Queria ter um céu, sim, mas aqui e agora, o que não está fácil. Queria muita coisa, eu sei, sou uma falhada, esforçada sem sucesso. Apesar de tudo, tenho pequenos talentos diversos e simples; sei e gosto de trabalhar, (ou sabia), pinto, escrevo, bordo e tricoto, cozinho comida honesta e simples de mãe de família, e sobretudo sei amar como deve ser - e gosto muito! Tento ser boa, agradar ao próximo... mas não consigo ser plenamente feliz e rodear os outros de alegria . Não consigo partilhar o bem que fervilha e transborda de dentro de mim. Se houvera quem o aceitasse, quem o daria era eu.

O problema é a minha falta de jeito para viver, para me divertir, para pensar em mim. Sou tosca, desastrada nestas coisas do saber-viver, sou trôpega quando se trata de caminhar segura na estrada certa, sou cega e não vejo como agarrar as oportunidades boas que me têm passado tão perto. 

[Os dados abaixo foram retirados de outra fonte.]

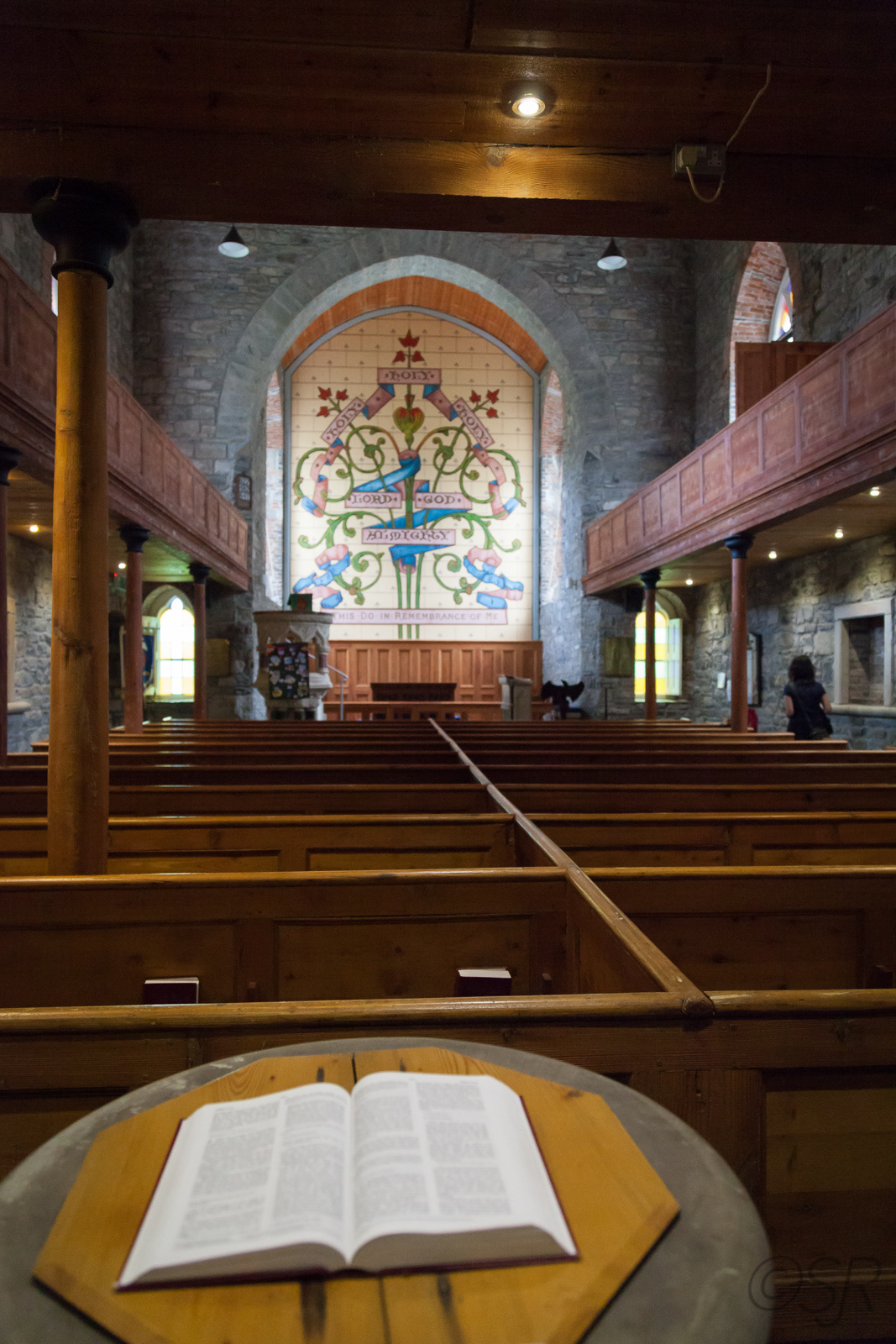 Drumcliffe Monastery, Co. Sligo, Ireland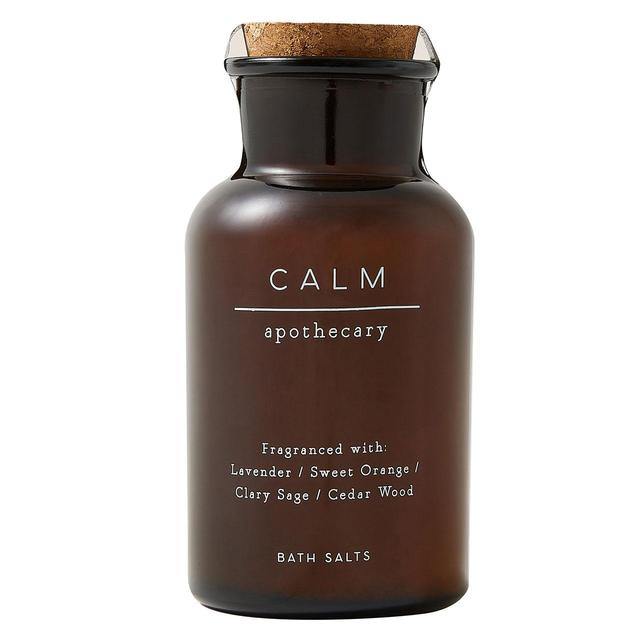 M&S Apothecary Calm Bath Salts   300g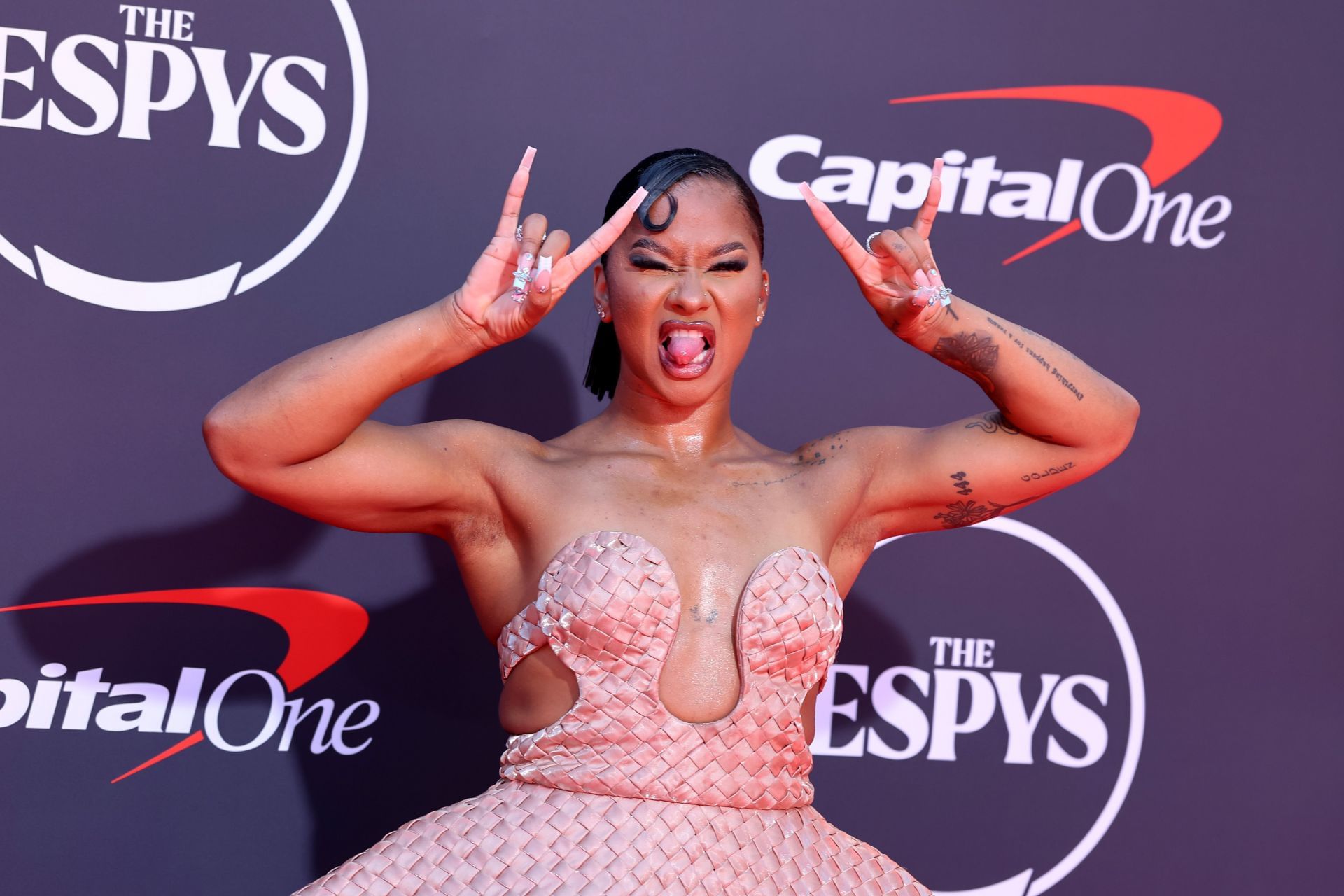2025 ESPYs - Arrivals - Source: Getty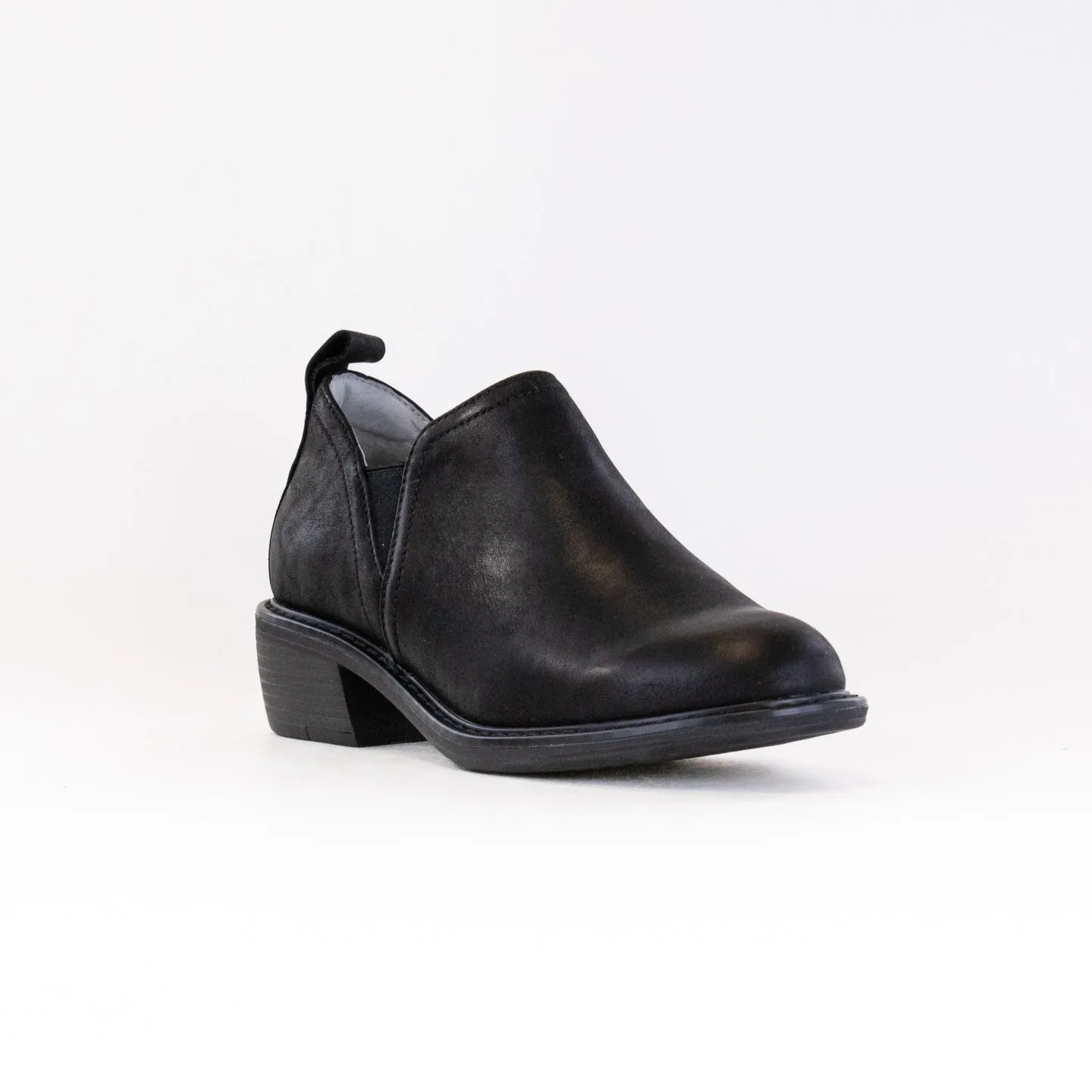 Alegria Merle (Women's) - Black Burnish perfect pair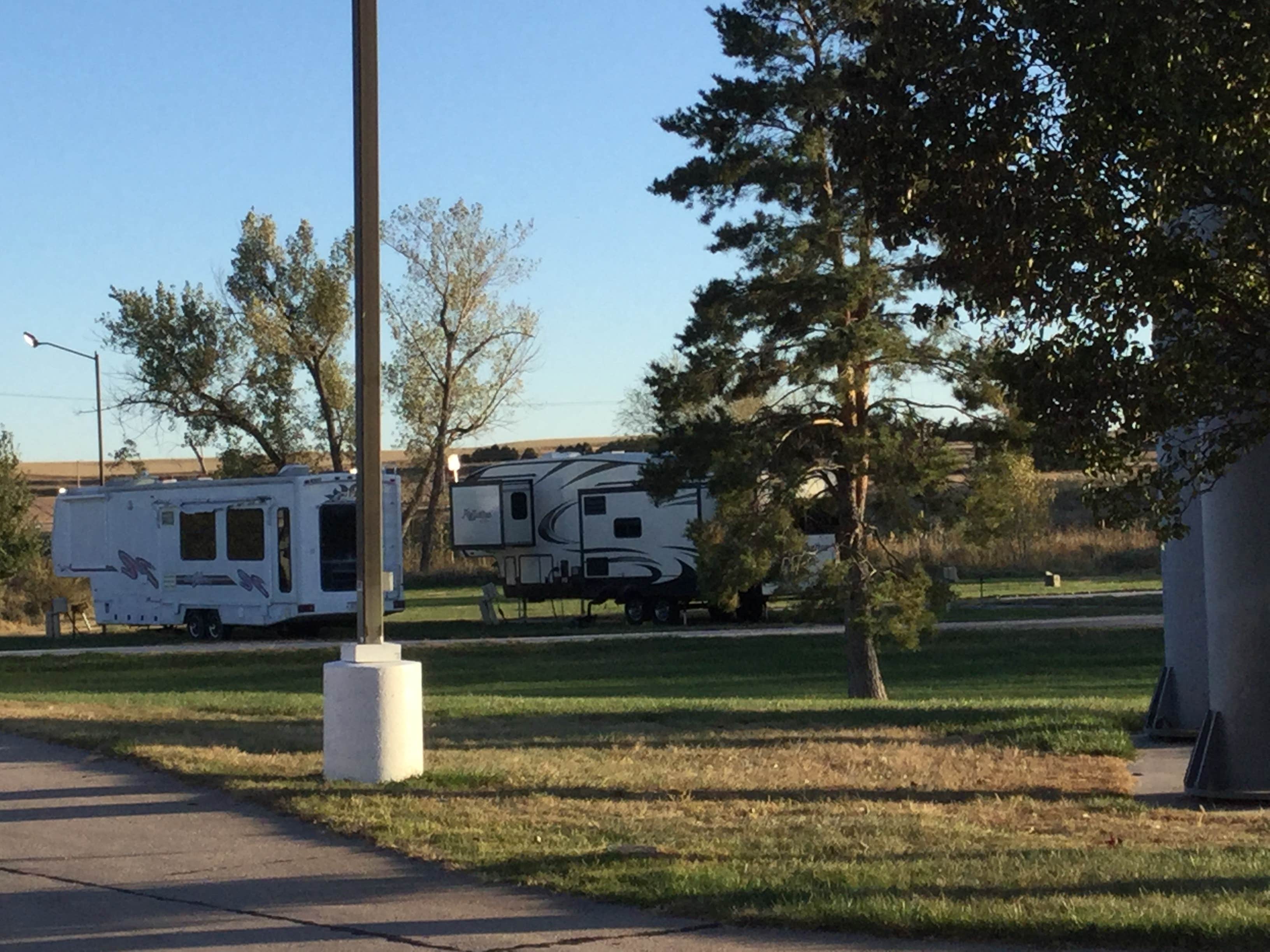 Camper submitted image from Paxton Campgrounds - 1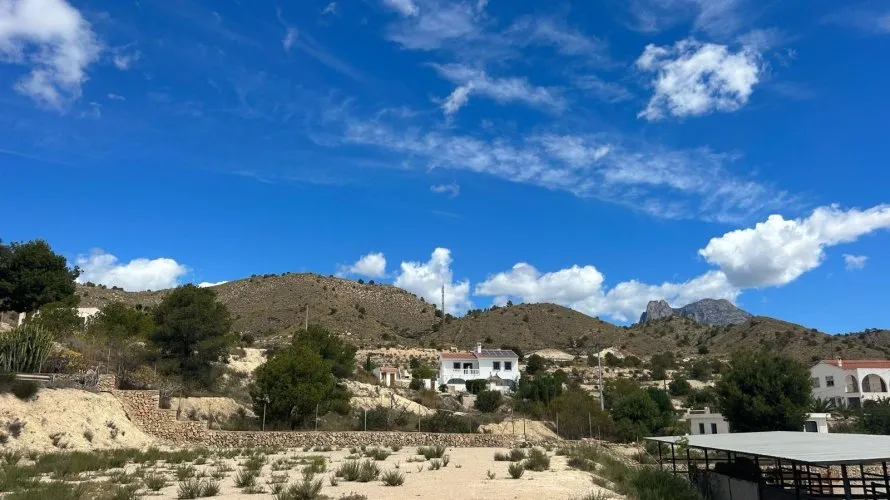 4 bedrooms house for sale, Villajoyosa, Spain No. 805 № 6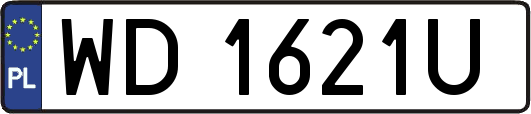 WD1621U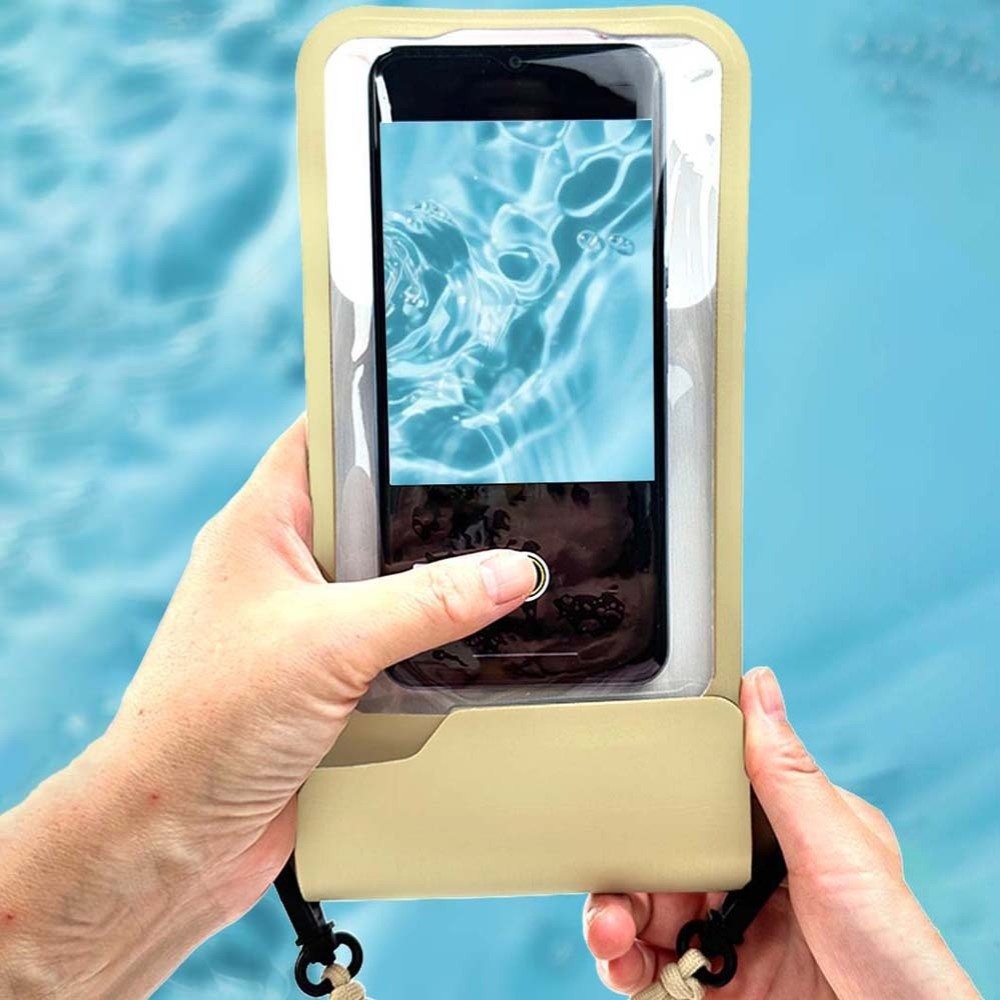 Bolsa Impermeable para Teléfon - Dry Bag Waterproof reseña y precio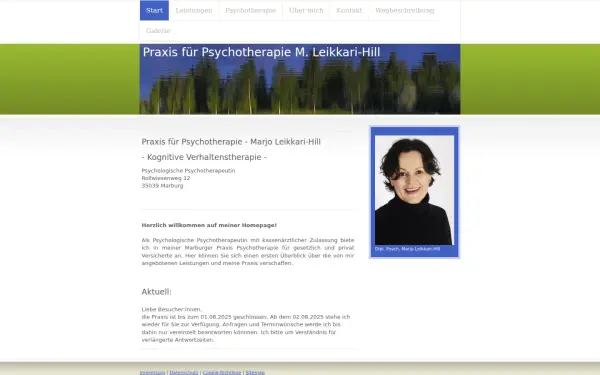 www.psychotherapie-praxis-marburg.de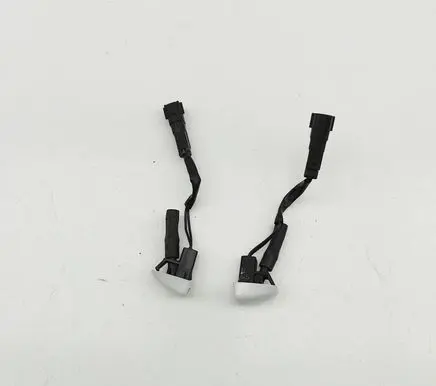Windshield washer spray nozzle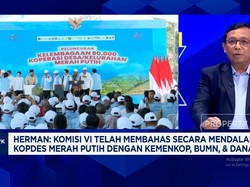 Video: Cegah "Kegagalan" Kopdes Merah Putih, DPR Perkuat Pengawasan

Completamente naïf e baldas, com tendência para a anarquia do “deixa -andar”. 

Nunca forço, nunca busco o amor, deixo-me ficar sentada, parada, quieta e calada porque sei que o importante é o que eu sou e não o que faço. Mais logo, alguém verá a pérola dentro da concha e abrirá uma prenda de amor que está para quem a merecer. Basta esperar e acontecer. E tem acontecido... sem truques da minha parte... naturalmente ... 

Sei o que valho, sei que tenho uma capacidade imensa para amar, para me dar, para me entregar com força e paixão a quem gosto ou aos projetos que me empolgam. Sei que essa força e energia vêem de dentro, e que  há uma luz que a reflete para o exterior. Tipo farol escondido que só alumia e atinge aqueles que me vêem ou que me amam com olhos de ver , com coração de sentir.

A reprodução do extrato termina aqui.